The obvious target of Alex’s rage takes in the current fascination with the world of celebrity:
Most of our fellow Gutshot Rebos patrons, girlies and boys alike, are loafing around reading, not proper stuff, but looking at pictures, tabloid barathrums that they are, like theyz still in the ickle wickle nursery school. Theyz hypnotised by pictures of girls and boys who have made itand who are saying with their new capped smiles, ‘Look at me, aren’t I clever, don’t you want what I’ve got?
The “proper stuff” is what marks Alex out from the rest. Where A Clockwork Orange’s Alex would lose himself in classical music, A Clockwork Apple’s Alex keeps under the bedroom floorboards her “stash of mind power” - books. In literature she plays with Nietzschean aphorisms, or references the likes of Raymond Carver, Richard Yates, and Jack London. But it all seems little more than name-dropping as, while Alex may revere them, they don’t seem to have enhanced her character in any way. Indeed, it seems strange that someone smart enough to enjoy literature should speak in such a way. Where Burgess plundered the Russian language for his nadsat, Alex’s voice is a tiring concoction of urban slang, obscure words, and something approaching nursery rhyme patois, all punctuated with, or variations thereof, braying laughter: hee hee haw haw. If this is how the smart ones talk, then Webb’s dystopia is certainly a grim future.
After breaking into Mrs Gaskell’s Academy for Girls, Alex finds herself in prison and with an option to enter a twelve step rehabilitation programme. This brings up the question of Alex’s anger, of how to accept it and address it. She’s angry at the state, she’s angry at her drunken mother, she’s angry at everything, and has chosen to show it:
Coz, you see, inwards meanz you are creating more problems for yourself, on behalf of THEM, whereas OUTWARDS meanz you’re creating problems for THEM, where it belongs. Where it longs to be. Depression or expression? Which is it to be, my dear sistaz? Which?
It’s hard to care about Alex as her opinions on literature come off quite flat, and her presence lacks a third dimension. As a narrator, however, she does express a certain flair for the English language, playing with words and dropping in cultural references, although sometimes dwelling too long that they become stretched. Sadly, where part of the joy of A Clockwork Orange was coming across a nadsat word and understanding it from its context, in A Clockwork Apple referring to the enclosed glossary is necessary.
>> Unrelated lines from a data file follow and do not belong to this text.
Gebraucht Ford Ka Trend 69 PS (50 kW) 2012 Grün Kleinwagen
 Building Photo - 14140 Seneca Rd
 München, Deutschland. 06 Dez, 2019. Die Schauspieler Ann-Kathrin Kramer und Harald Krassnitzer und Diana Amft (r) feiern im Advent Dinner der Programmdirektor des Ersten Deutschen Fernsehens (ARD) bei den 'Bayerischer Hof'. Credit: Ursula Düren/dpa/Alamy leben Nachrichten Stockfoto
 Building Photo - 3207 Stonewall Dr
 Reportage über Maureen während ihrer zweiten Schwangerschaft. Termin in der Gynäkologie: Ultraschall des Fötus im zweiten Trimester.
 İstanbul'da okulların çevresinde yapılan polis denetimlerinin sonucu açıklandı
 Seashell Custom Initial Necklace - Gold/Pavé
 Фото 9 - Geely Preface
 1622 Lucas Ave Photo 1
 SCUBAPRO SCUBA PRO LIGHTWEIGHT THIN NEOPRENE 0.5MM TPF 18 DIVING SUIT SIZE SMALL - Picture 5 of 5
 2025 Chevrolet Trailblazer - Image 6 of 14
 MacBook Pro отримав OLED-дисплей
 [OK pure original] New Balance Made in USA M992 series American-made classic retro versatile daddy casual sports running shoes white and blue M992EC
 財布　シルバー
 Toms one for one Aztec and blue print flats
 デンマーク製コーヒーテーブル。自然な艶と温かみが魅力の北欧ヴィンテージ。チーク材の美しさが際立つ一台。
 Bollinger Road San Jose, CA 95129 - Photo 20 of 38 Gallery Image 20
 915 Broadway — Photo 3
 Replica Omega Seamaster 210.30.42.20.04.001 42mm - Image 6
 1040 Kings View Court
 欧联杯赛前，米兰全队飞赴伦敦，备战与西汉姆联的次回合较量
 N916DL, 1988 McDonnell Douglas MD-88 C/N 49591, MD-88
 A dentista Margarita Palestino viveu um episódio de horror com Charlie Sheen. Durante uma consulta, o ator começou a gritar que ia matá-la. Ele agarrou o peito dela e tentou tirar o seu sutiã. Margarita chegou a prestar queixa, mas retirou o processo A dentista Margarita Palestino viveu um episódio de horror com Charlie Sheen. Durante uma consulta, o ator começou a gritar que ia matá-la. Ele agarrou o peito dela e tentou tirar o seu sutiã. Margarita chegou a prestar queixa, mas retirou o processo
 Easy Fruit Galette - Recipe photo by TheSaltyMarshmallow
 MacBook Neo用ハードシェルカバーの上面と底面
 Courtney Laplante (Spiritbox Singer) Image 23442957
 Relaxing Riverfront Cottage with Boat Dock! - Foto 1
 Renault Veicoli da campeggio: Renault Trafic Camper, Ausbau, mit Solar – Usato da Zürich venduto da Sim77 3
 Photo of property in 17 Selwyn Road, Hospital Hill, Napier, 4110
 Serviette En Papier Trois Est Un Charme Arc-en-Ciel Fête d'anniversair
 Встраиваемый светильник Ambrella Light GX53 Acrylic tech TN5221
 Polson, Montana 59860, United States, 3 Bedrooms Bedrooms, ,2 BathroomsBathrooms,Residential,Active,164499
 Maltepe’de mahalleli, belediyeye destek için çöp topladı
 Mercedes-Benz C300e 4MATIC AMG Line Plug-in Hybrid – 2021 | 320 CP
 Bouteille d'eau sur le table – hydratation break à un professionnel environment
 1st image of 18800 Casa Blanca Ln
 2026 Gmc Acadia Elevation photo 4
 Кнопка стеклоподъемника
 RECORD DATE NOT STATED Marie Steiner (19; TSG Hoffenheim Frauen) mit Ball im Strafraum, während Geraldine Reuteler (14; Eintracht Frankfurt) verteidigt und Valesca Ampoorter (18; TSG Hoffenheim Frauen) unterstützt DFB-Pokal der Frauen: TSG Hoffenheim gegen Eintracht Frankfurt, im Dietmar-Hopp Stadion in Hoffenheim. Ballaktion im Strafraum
Were Alex’s vocabulary relaxed from the tirades of swearing that spew from her filthy mouth, A Clockwork Apple could perhaps have cut itself some slack as a teen novel. It’s the book of an author who has graduated from the nineties and, finding the 21st Century a disappointment, wants to shout about it. At its heart there’s an obvious love for Burgess’ novel, A Clockwork Apple, shadowing it all the way, with punchy inversions and sly references. But while oranges are not the only fruit, there really is no comparison.